Traté de mantenerme lo más positiva posible, aunque a veces resultaba casi imposible sentirse feliz con tanta de tensión y temor en torno a nuestra familia y situación. Imaginaba que el bebé era varoncito y que lo llamaría Tomáš, como mi abuelo, quien había muerto cuando yo tenía tres años. Al final del día, me acostaba en cama y trataba de recordar nuestra noche de bodas, la sensación de los brazos de Josef a mi alrededor, la luz de luna que entraba por la ventana y la fusión de nuestros cuerpos desnudos.
Cuando sentí los primeros movimientos de vida, estallé de felicidad. Sin importar lo desesperadas que fueran nuestras circunstancias, esas primeras pataditas me hicieron sentir que la vida seguía adelante.
Sin embargo, Marta se sentía inquieta a causa del toque de queda y la pérdida de su libertad. Rara vez veía a sus amigos. Yo podía percibir su creciente frustración. Les decía muy poco a nuestros padres y no tenía interés alguno en hablar conmigo acerca del embarazo, pero había ocasiones en que le encontraba la mirada y podía ver lo miserable que se sentía. Su larga cabellera roja era una melena de rizos rebeldes, desafiante y gloriosa al caer por su espalda. Se rehusaba a trenzarlo aun cuando su escuela se lo exigía. Era la única protesta que se le permitía.

 

Traté de permanecer optimista, esperando que llegara una carta de Josef diciéndome que había conseguido nuestras visas para Inglaterra y que había logrado conseguir el sello de salida de la Gestapo. Pero la carta nunca llegó. Ahora, la guerra era prácticamente una realidad y se habían cerrado las fronteras. Ambos sabíamos que tendría que irse a Estados Unidos sin mí y sólo nos quedaba la esperanza de que pudiera arreglar los pasajes para mí y mi familia más adelante.
Acepté eso sin protestar. Carecía de la energía para un viaje tan difícil y temía dar a luz al bebé en una ciudad extranjera.
Cada noche colocaba mis manos sobre mi vientre y cerraba los ojos.

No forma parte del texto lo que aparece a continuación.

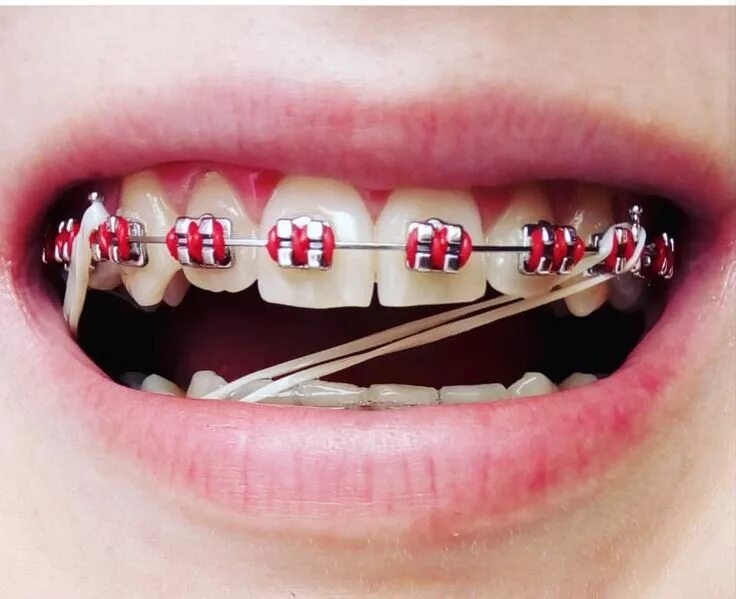 Резинки на зубах фото Pin de Sheri Nicolls en Braces Brackets dentales, Ligas para brackets, Dientes c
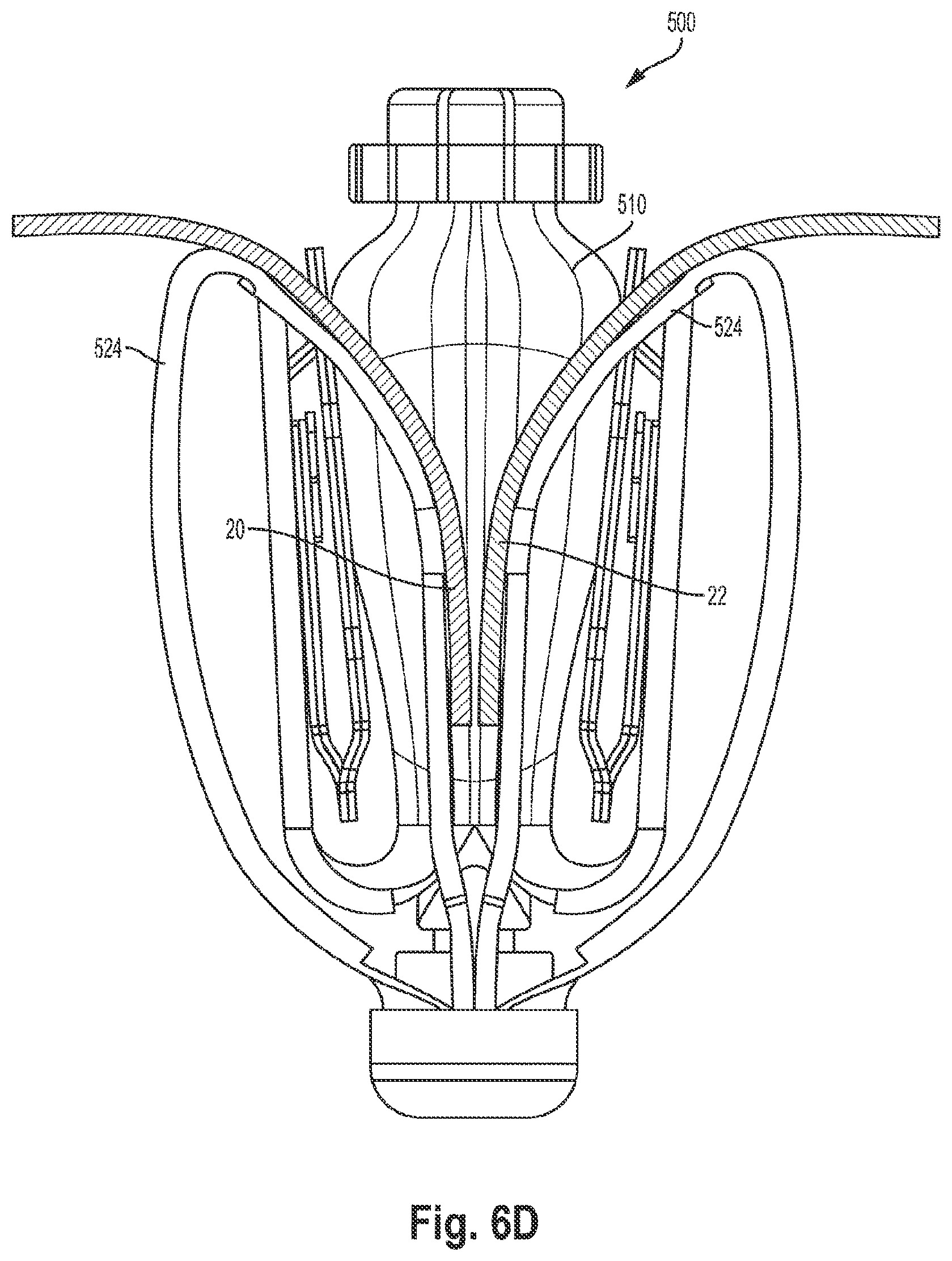 Patent US12551344 Figure 10 – Heart valve sealing devices and delivery devices therefor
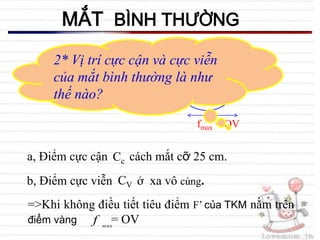 Điểm cực cận của mắt cận thì như thế nào? Gallery 2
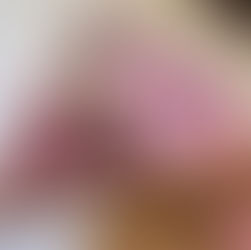 Calvície precoce: por que jovens estão perdendo cabelo?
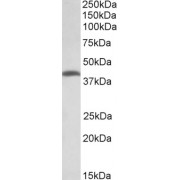 abx433367 (2 µg/ml) staining of Human Colorectal Cancer lysate (35 µg protein in RIPA buffer). Detected by chemiluminescence.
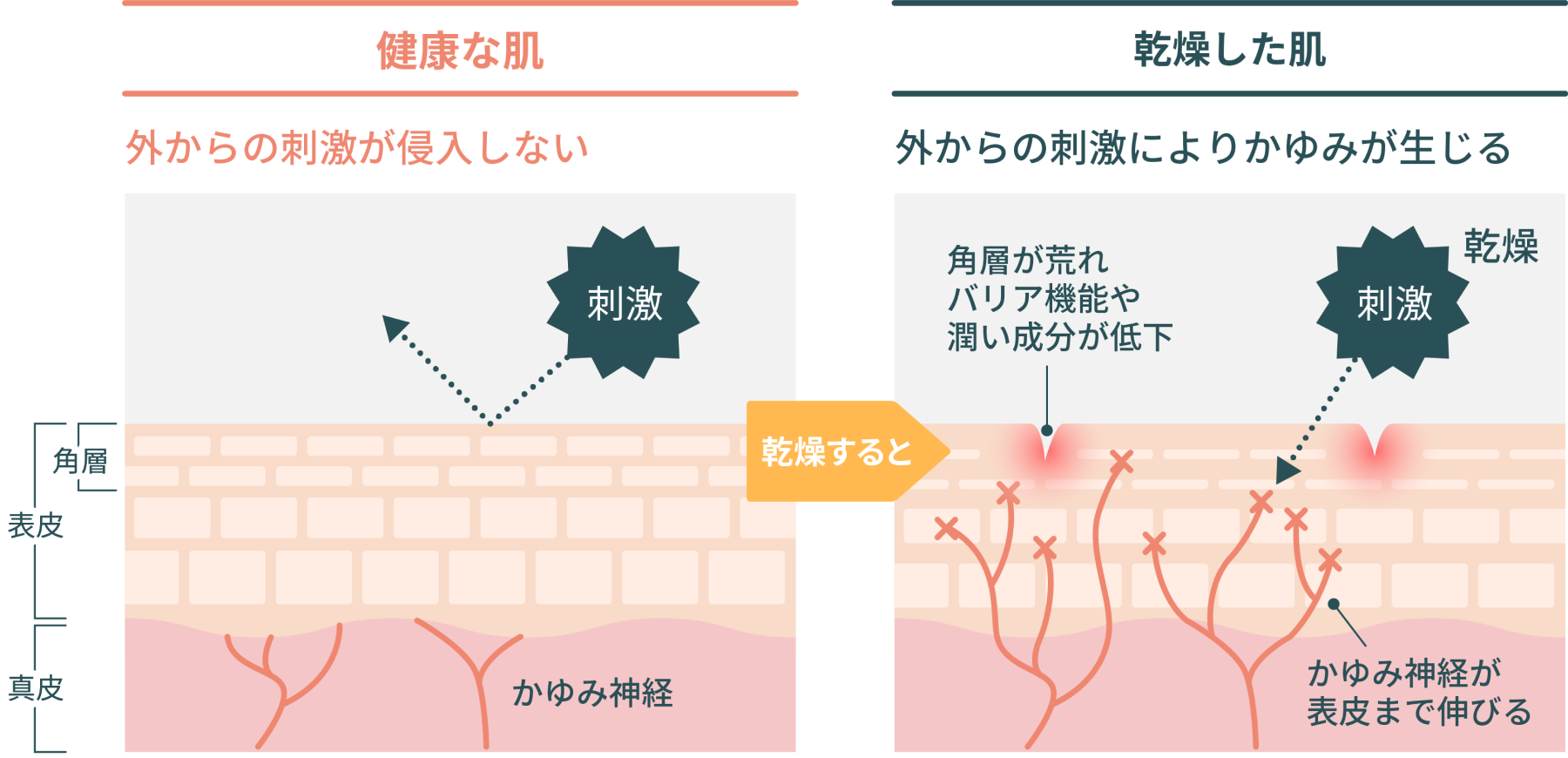 乾燥肌には保湿剤 でもその塗り方 合っていますか 薬局 薬店で相談できる皮膚トラブル 薬局 薬店で相談できる皮膚トラブル ヒフシルワカル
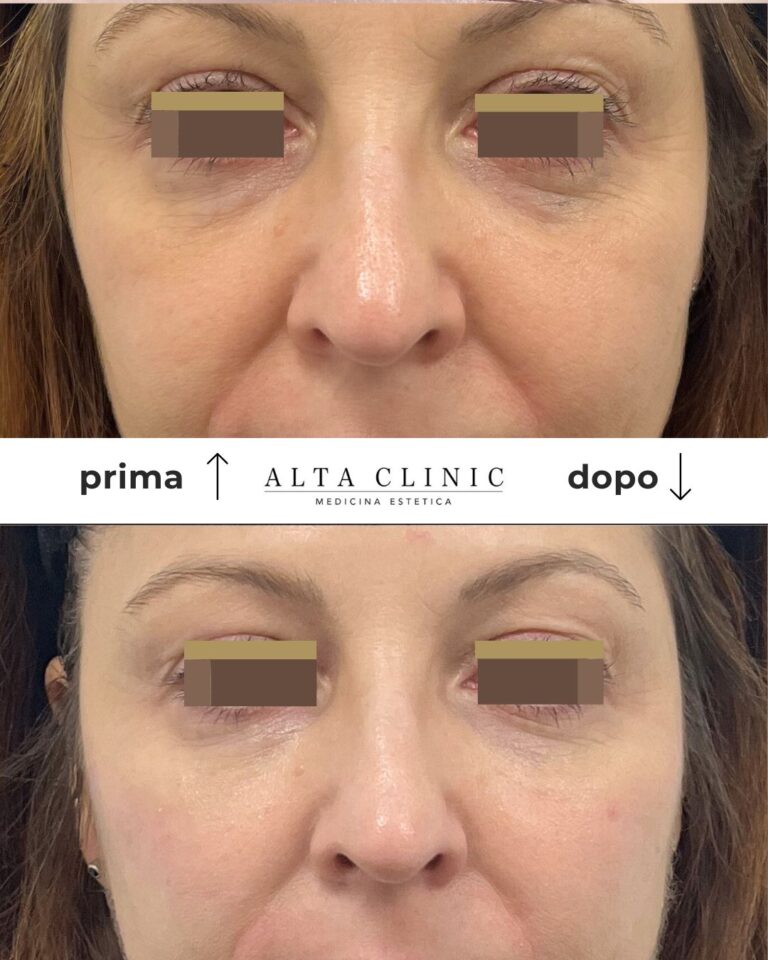 Occhi e zona sotto-oculare in vista frontale, prima in alto e dopo in basso, per un filler occhiaie presso Alta Clinic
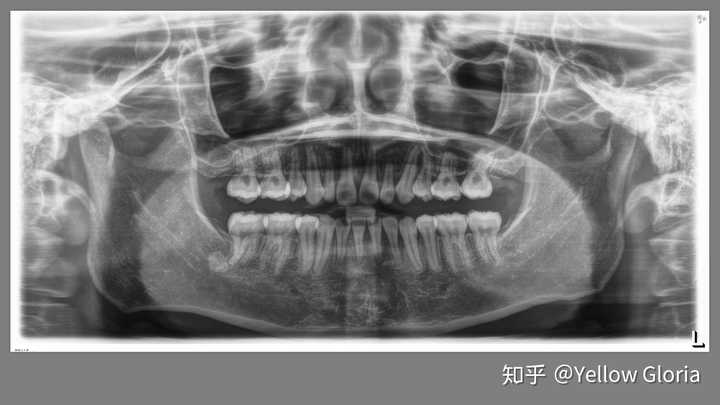 牙周炎已经牙龈萎缩,牙槽骨吸收,怎么办?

Interpretaba cada patadita como el llamado que anunciaba una vida mejor en la que Josef y yo estaríamos juntos, y el bebé jugando en el piso rodeado del sonido de risas y no del de las sirenas y aviones de guerra que sobrevolaban la ciudad.
El primero de septiembre, la familia de Josef se embarcaría en el SS Athenia desde Liverpool, llegaría a Canadá unas semanas después y viajaría de allí a Nueva York. Josef me prometió que enviaría un telegrama tan pronto como llegaran con bien.
Pero los periódicos fueron los que me informaron de lo que sucedió. Un submarino alemán torpedeó al SS Athenia frente a las costas de Irlanda, provocando las primeras bajas civiles de la guerra. Aunque la mayoría de los pasajeros lograron salvarse del barco que se hundía, todos los miembros de la familia Kohn estaban en la lista de los noventa y ocho muertos.